- 1Department of Oncology, Centre Hospitalier Regional Universitaire (CHRU) Morvan, University Hospital of Brest, Brest, France
- 2Department of Rheumatology, CHRU Cavale Blanche, University Hospital of Brest, Brest, France
Background: Pemetrexed and gemcitabine are both antimetabolites drugs approved in advanced non-small cell lung cancer (NSCLC). Their toxicity profile is well known. However, rare vascular side effects can occur such as vascular acrosyndromes and especially digital ischemia. The cause of this disfiguring and painful event is still controversial. Amputation is frequently required and has been described as a predictor of poor survival outcomes.
Case Presentation: This report presents two cases of vascular acrosyndrome in NSCLC patients during treatment with antimetabolites (pemetrexed and gemcitabine). Patients presented severe digital ischemia having required prostacyclin analog and chemotherapy discontinuation. In one case, symptoms improved while in the other case symptoms persisted. Both patients experienced prolonged tumor response. These findings suggest a multifactorial mechanism behind digital necrosis including an autoimmune process, which could lead to prolonged tumor control as described with immune checkpoint inhibitors.

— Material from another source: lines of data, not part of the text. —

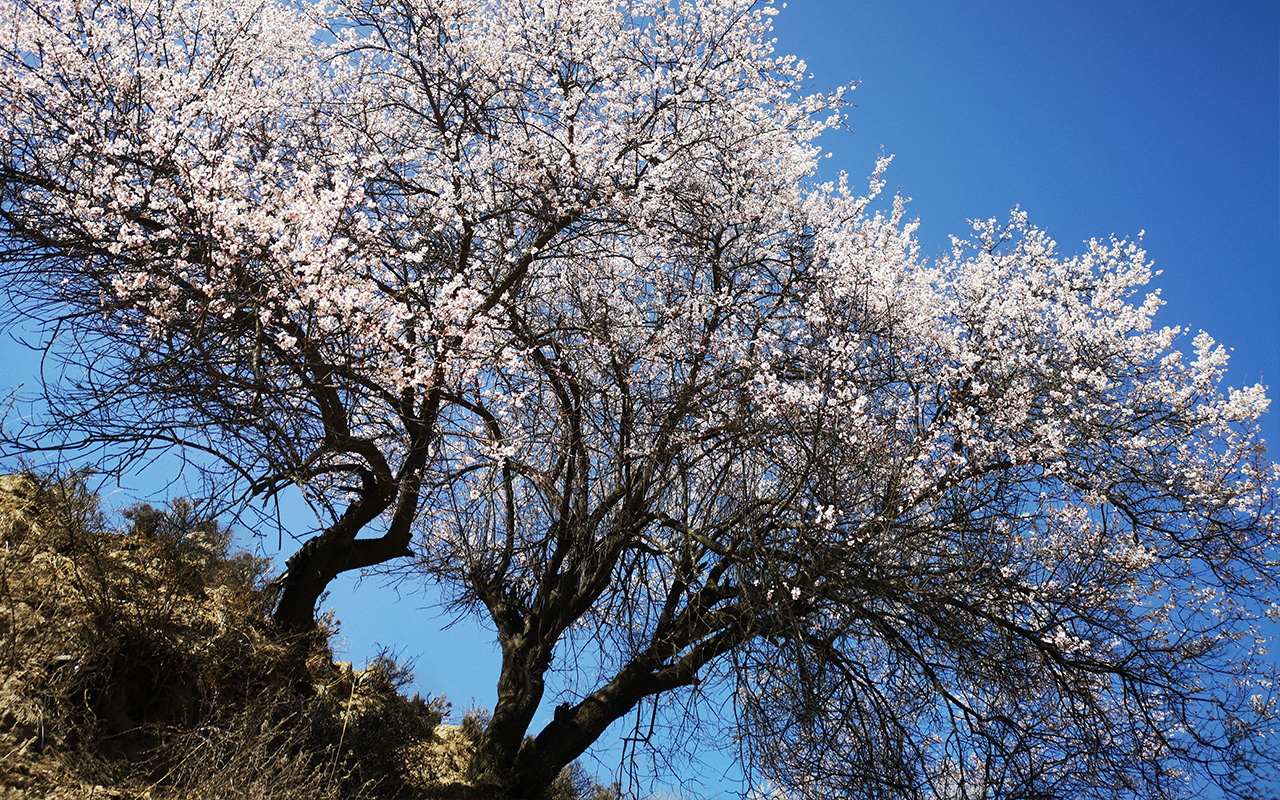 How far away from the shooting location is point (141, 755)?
19.9ft

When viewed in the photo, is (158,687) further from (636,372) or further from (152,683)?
(636,372)

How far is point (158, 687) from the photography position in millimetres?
6539

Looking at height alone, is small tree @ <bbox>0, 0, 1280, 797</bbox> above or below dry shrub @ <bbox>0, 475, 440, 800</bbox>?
above

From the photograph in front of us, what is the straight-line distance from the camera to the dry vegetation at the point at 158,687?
5.56 metres

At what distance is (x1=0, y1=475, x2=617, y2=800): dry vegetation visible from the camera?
219 inches

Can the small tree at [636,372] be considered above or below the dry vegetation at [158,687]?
above

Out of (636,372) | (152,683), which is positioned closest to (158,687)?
(152,683)

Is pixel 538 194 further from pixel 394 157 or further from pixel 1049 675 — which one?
pixel 1049 675

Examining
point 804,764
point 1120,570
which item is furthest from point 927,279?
point 804,764

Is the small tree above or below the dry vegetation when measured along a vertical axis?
above

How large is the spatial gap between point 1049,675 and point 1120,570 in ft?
4.34

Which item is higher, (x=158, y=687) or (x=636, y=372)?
(x=636, y=372)

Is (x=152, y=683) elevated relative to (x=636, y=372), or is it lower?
lower

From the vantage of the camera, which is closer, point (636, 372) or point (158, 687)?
point (158, 687) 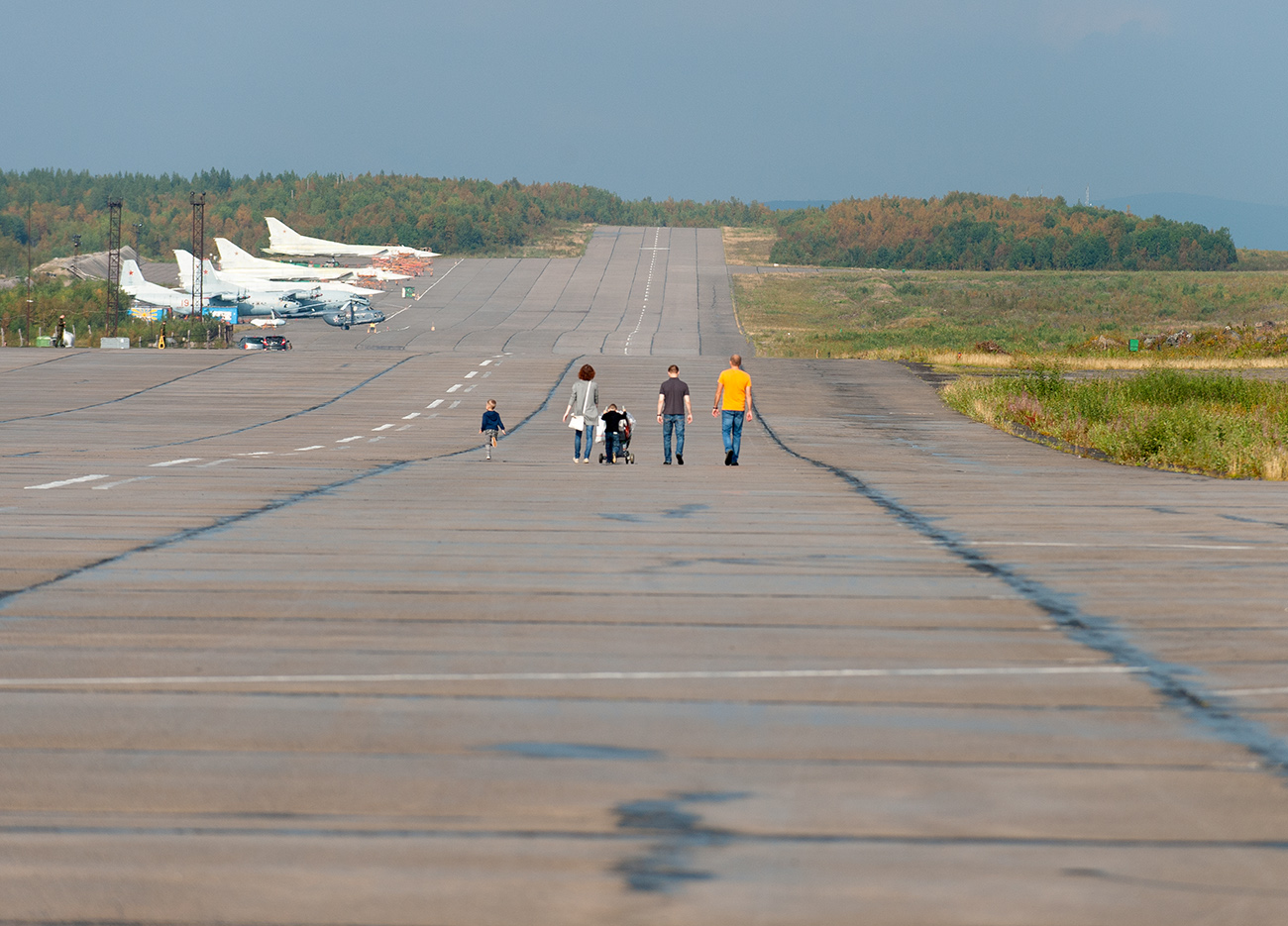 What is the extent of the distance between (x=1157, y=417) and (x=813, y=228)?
5398 inches

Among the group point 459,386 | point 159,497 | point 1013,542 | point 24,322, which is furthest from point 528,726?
point 24,322

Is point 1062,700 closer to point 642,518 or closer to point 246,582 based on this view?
point 246,582

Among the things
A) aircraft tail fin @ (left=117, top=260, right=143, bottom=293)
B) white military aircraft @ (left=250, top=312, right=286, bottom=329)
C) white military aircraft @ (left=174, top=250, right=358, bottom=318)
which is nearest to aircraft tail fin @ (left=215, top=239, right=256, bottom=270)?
aircraft tail fin @ (left=117, top=260, right=143, bottom=293)

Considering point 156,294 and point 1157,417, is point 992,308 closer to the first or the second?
point 156,294

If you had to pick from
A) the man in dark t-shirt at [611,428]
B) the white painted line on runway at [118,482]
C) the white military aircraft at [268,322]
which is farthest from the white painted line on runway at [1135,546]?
the white military aircraft at [268,322]

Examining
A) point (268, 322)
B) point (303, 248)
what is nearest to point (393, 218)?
point (303, 248)

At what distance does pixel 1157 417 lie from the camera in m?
25.1

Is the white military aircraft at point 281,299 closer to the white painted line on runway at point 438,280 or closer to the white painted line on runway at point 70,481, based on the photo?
the white painted line on runway at point 438,280

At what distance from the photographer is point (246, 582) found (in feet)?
28.5

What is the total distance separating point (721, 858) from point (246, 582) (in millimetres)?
5319

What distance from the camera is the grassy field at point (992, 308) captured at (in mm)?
83250

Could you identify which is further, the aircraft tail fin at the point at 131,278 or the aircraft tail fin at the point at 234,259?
the aircraft tail fin at the point at 234,259

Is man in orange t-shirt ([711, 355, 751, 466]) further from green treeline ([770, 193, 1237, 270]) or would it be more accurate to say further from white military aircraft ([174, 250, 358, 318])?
green treeline ([770, 193, 1237, 270])

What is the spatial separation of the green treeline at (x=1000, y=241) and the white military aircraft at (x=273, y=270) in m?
47.0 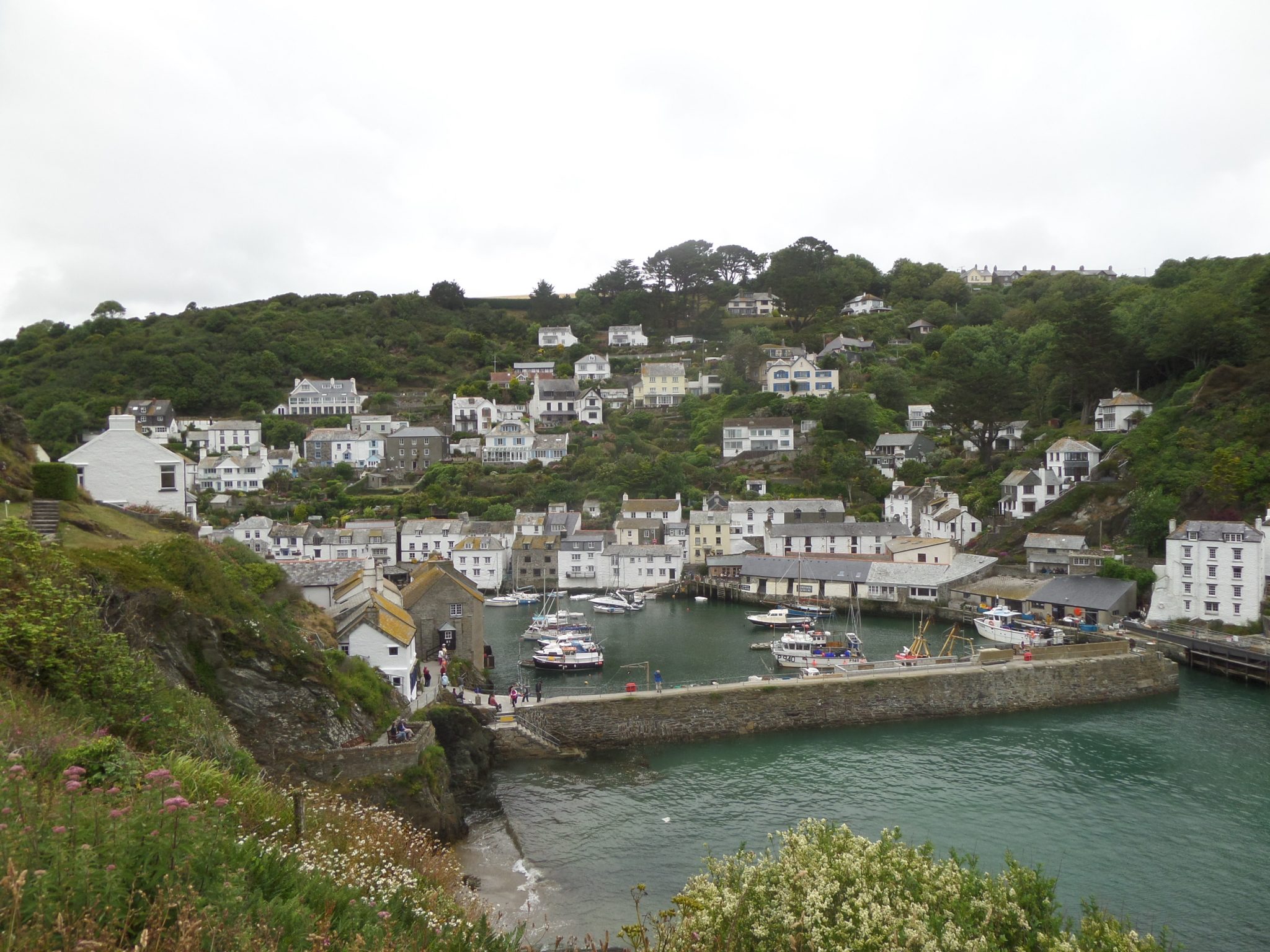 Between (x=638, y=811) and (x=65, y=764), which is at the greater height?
(x=65, y=764)

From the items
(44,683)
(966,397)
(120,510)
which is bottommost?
(44,683)

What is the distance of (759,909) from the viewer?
7141 mm

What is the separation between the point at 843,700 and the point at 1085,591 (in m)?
17.0

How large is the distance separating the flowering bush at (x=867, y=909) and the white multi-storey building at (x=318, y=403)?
7514cm

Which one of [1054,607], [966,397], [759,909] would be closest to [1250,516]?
[1054,607]

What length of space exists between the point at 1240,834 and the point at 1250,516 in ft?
71.7

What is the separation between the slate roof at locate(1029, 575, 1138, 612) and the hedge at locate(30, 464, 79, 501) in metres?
36.1

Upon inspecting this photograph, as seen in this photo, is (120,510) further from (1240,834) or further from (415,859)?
(1240,834)

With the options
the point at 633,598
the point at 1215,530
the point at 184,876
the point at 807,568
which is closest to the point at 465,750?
the point at 184,876

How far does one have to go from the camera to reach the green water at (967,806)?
14.8 metres

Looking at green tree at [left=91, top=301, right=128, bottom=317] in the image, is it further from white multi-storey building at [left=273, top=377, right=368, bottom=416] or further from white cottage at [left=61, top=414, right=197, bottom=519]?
white cottage at [left=61, top=414, right=197, bottom=519]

Conclusion: Severe vascular acrosyndrome such as digital ischemia can occur in lung cancer patients treated with antimetabolites. Awareness needs to be raised when using these drugs in patients with predisposing factors. Whether occurrence of chemotherapy-induced immune vascular side effects might explain prolonged tumor response deserves further investigations.
Background
Gemcitabine is a nucleosid analog that inhibits DNA synthesis and repair. Pemetrexed is a new generation multifolate antagonist that directly affects the enzymes involved in cell activation and cell division. Both antimetabolite drugs have displayed significant antitumor activity in metastatic non-small cell lung cancer (NSCLC) when combined with platinum-based chemotherapy (1, 2). They are also approved as single-agent with mild manageable toxicity. Side effects commonly observed with gemcitabine are myelosuppression, influenza-like syndrome and vascular toxicity. Pemetrexed is primarily responsible of hematological, hepatic and renal toxicities (1, 2). Herein, we report two cases of NSCLC patients treated with these antimetabolite drugs, who experienced severe vascular acrosyndromes but also prolonged tumor response.
Case Presentation 1
A 58-year-old woman presented in November 2016 with a diagnosis of KRAS-mutant advanced lung adenocarcinoma (Figure 1A). Her medical comorbidities included hypertension controlled with calcium channel blocker, and active smoking. She reported Raynaud’s like symptoms without etiological orientation that appeared 6 months earlier. The patient was treated with six cycles of cisplatin and pemetrexed, resulting in complete tumor response.
Figure 1 Case 1 (A) PET computed tomography (CT) at diagnosis reveals hypermetabolic activities of right hilar, mediastinal (white arrow) and supra-clavicular lymph nodes (black arrow). (B) PET CT three years after diagnosis shows complete metabolic response.
Prior to start maintenance pemetrexed at 500 mg/m2 every 3 weeks, she reported recurrence of a vascular acrosyndrome of both hands. She described episodic pain, numbness, tumefaction and cyanosis of all digits and was therefore admitted in Department of Dermatology for evaluation. The patient reported xerostomia as systemic symptoms. General health status was good. Physical examination revealed sclerodactyly of hands, distal ulceration of the fourth right and left digits. Raynaud’s phenomenon was found in the upper and lower limbs without telangiectasia or subcutaneous calcifications. Her chest, heart, abdomen, and lymph node stations examination results were normal.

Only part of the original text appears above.